### SOURCE DATA
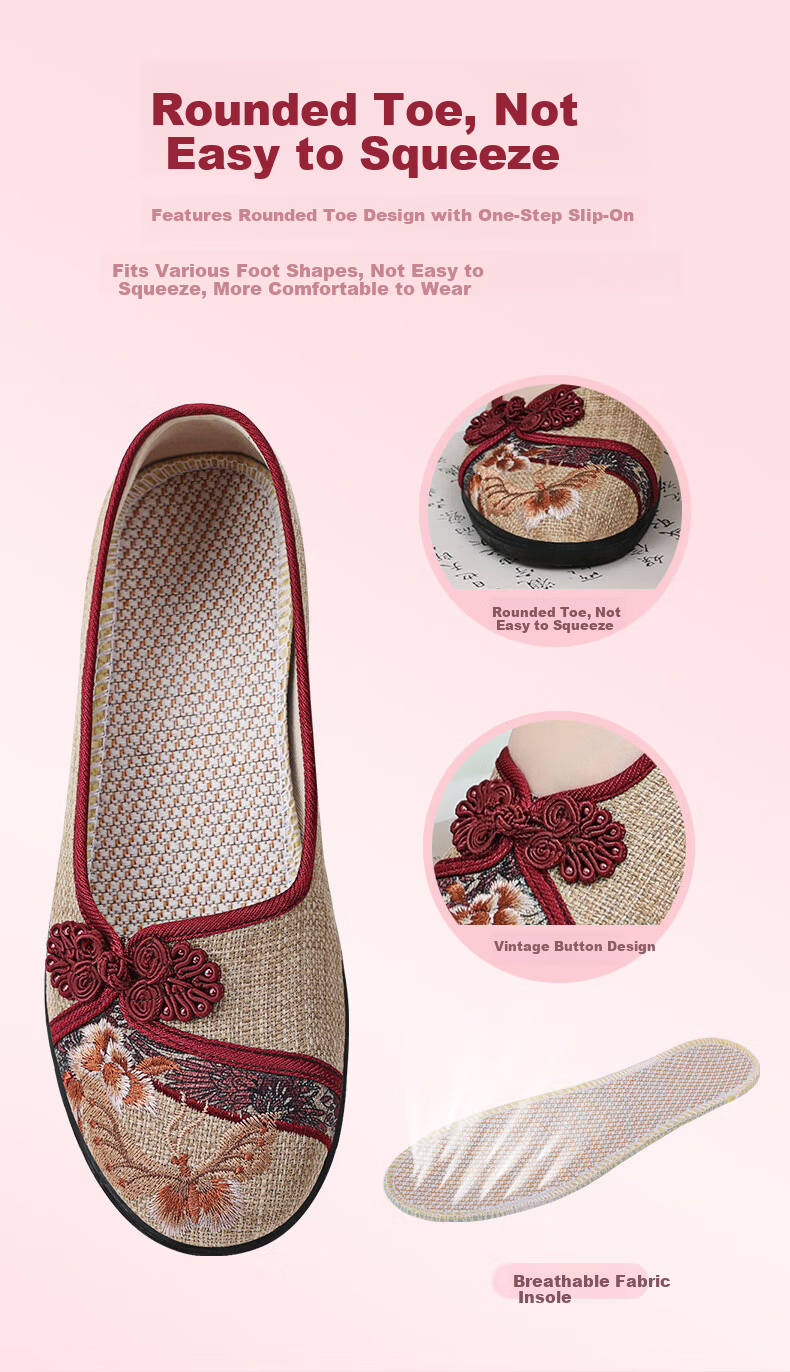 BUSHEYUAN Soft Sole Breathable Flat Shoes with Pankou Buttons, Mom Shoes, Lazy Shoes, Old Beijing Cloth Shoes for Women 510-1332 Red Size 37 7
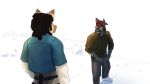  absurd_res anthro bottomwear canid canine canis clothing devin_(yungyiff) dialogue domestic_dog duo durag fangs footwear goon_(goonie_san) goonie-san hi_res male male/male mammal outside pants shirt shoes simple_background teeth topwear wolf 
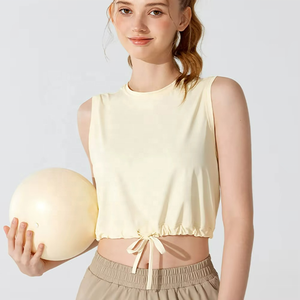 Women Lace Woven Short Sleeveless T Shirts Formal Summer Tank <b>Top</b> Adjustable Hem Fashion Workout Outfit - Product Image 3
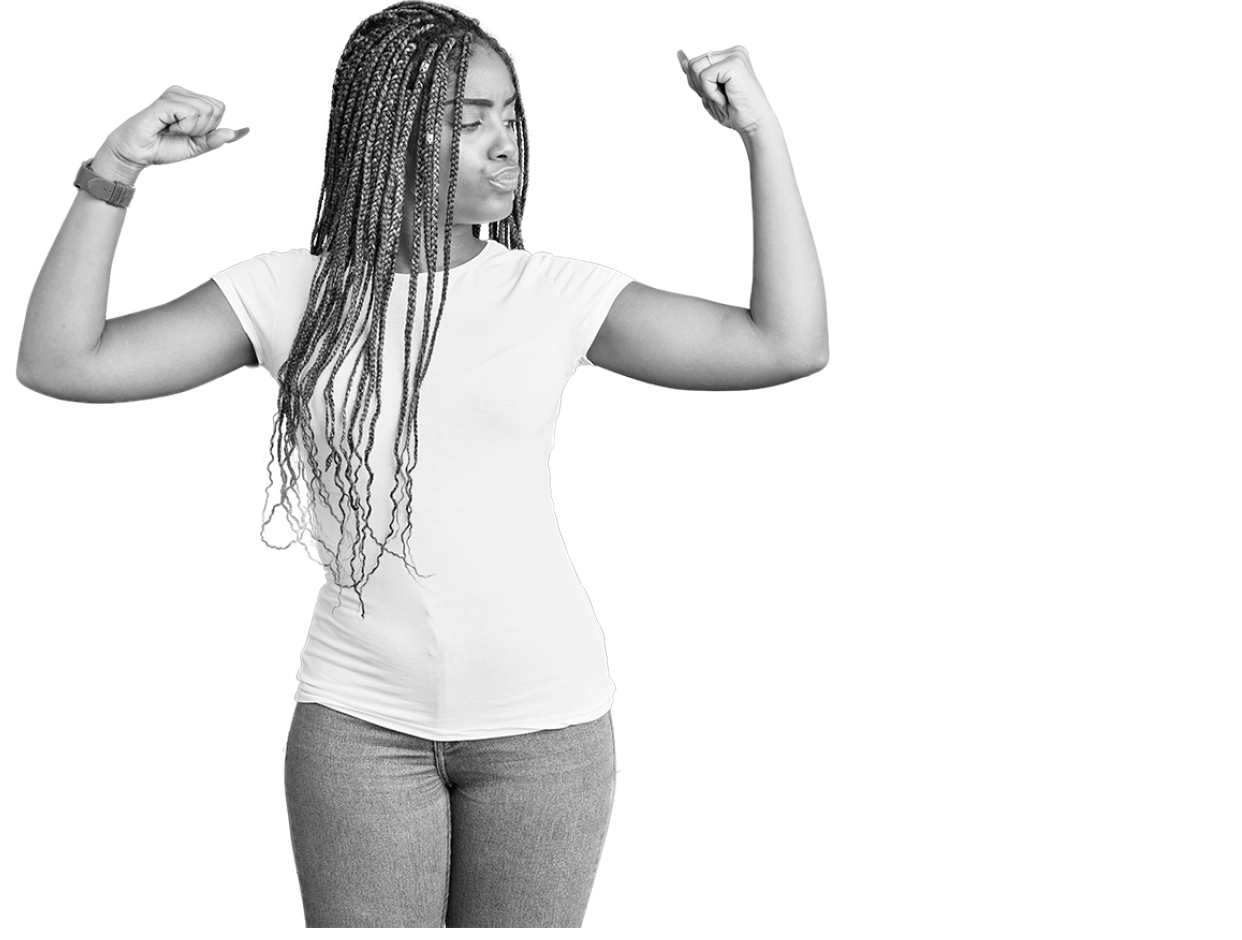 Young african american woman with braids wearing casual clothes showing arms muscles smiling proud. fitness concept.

### WHAT YOU ARE ASKED TO DO
Look for the line that contains "absurd_res anthro bottomwear", then please copy it and the rest of the lines through the end of the data, pictures excluded.

### TASK SOLUTION
  absurd_res anthro bottomwear canid canine canis clothing devin_(yungyiff) dialogue domestic_dog duo durag fangs footwear goon_(goonie_san) goonie-san hi_res male male/male mammal outside pants shirt shoes simple_background teeth topwear wolf 
 Women Lace Woven Short Sleeveless T Shirts Formal Summer Tank <b>Top</b> Adjustable Hem Fashion Workout Outfit - Product Image 3
 Young african american woman with braids wearing casual clothes showing arms muscles smiling proud. fitness concept.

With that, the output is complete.